Shao, an assistant professor in the Mork Family Department of Chemical Engineering and Materials Science, aims to understand the atomic-scale behavior of donut-shaped particles that can enable low-power electronics. He has uncovered how strain and heat can shift the shape of the donut particle to give it powerful new energy-efficient and stabilizing properties. His latest work was recently published in Nature Communications.

Shao is working with skyrmions — nanometer-sized objects that resemble donut-like swirling vortexes. The skyrmions have electric polarization in the form of positive or negative charges (dipoles) that move in a continuous direction up and out from the center ‘donut hole” and down and in from the outer edge of the particle.

Yu-Tsun Shao

Assistant Professor of Chemical Engineering and Materials Science Yu-Tsun Shao. Image/Yu-Tsun Shao.

“The skyrmions I look at in particular, are nano-sized donuts with extra swirls. Imagine these donuts covered in little arrowheads, which are the electric dipoles with a negative-positive charge,” Shao said. “The skyrmion is topologically protected, meaning it has the same characteristic property, the topological charge, under continuous deformation. You can stretch it and bend it. It all retains the same topological property.”

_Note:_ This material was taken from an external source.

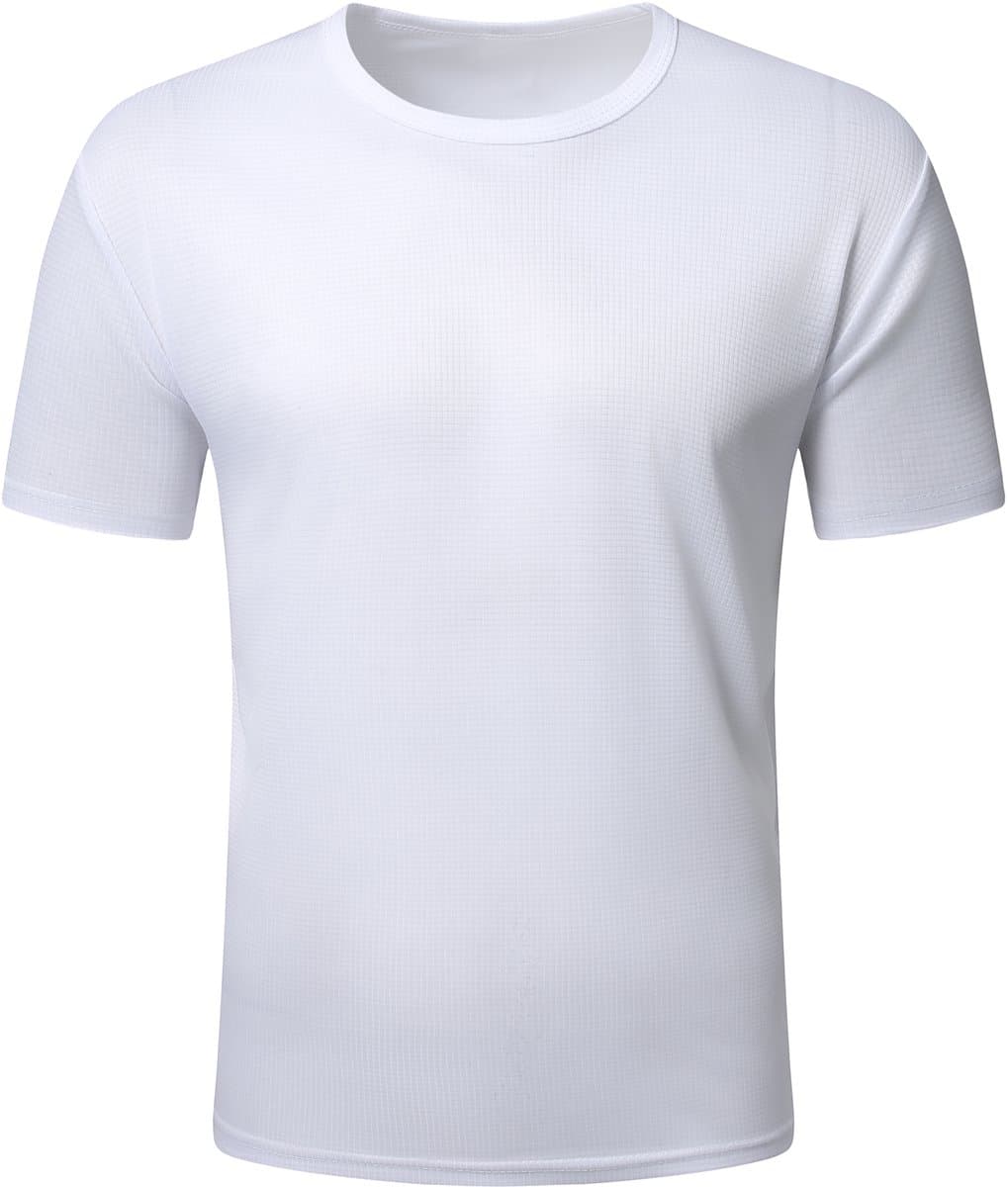 YOUTHUP Heren Casual Sport Korte Mouw T-Shirt - Ronde Hals Eenvoudig - L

Shao said that understanding these particles is of particular interest when it comes to materials for computational hardware. Computers require electricity to create the bits and bytes of information they need to function.

“So, you have a gate voltage you turn on and off. That’s how the computer creates zeros and ones in bits of information. But in the case of electric dipoles or magnetic spin skyrmions, you don’t need to supply energy to retain that bit of information. It is non-volatile and topologically protected.”

Shao then takes those particles and manipulates them into what he describes as half-donut-shaped particles known as merons that are not fully enclosed by an outer shell. Merons can have their topological properties stretched and changed in different ways.

“We take a skyrmion at room temperature,” Shao said. “When we heat it up and also apply some compressive strain, it becomes half a donut. In this way the properties, both the topological charge and their handedness, have changed and that’s what we define as a topological phase transition. Skyrmions swirl in one direction, but merons swirl in multiple directions. I think that’s pretty cool.”

Shao’s atomic-scale research will soon harness a powerful, new two-story high electron microscope that will find its home in the USC Michelson Center for Convergent Bioscience. The scope will be focused down to the sub-angstrom scale and be able to collect massive amounts of data about the atoms in materials, which Shao will mine to construct detailed images. It’s something he likens to putting on a new pair of glasses to bring the tiniest details into clear focus.

Donut shaped skyrmions (left) show polarization swirls in one direction, while half-donut-shaped merons (right) are able to swirl in multiple directions. Image/Yu-Tsun Shao.

Donut shaped skyrmions (left) show polarization swirls in one direction, while half-donut-shaped merons (right) are able to swirl in multiple directions. Image/Yu-Tsun Shao.

Shao said he is looking forward to collaborating with other Mork Department researchers who synthesize quantum materials by solving the puzzle of the atomic-scale structural building blocks that will enable their work.

“The atomic structures for plenty of quantum materials are not fully understood yet, and I think that naturally fits my role,” Shao said.

Shao referenced a famous 1959 talk at Caltech by physicist Richard P. Feynman, “There’s Plenty of Room at the Bottom,” which foreshadowed how future materials could be created through the manipulation of atoms.

“If you can locate every atom, at every three-dimensional position, you can know about any property of this material. If you can manipulate the atom into anything you want, you can create any material,” Shao said.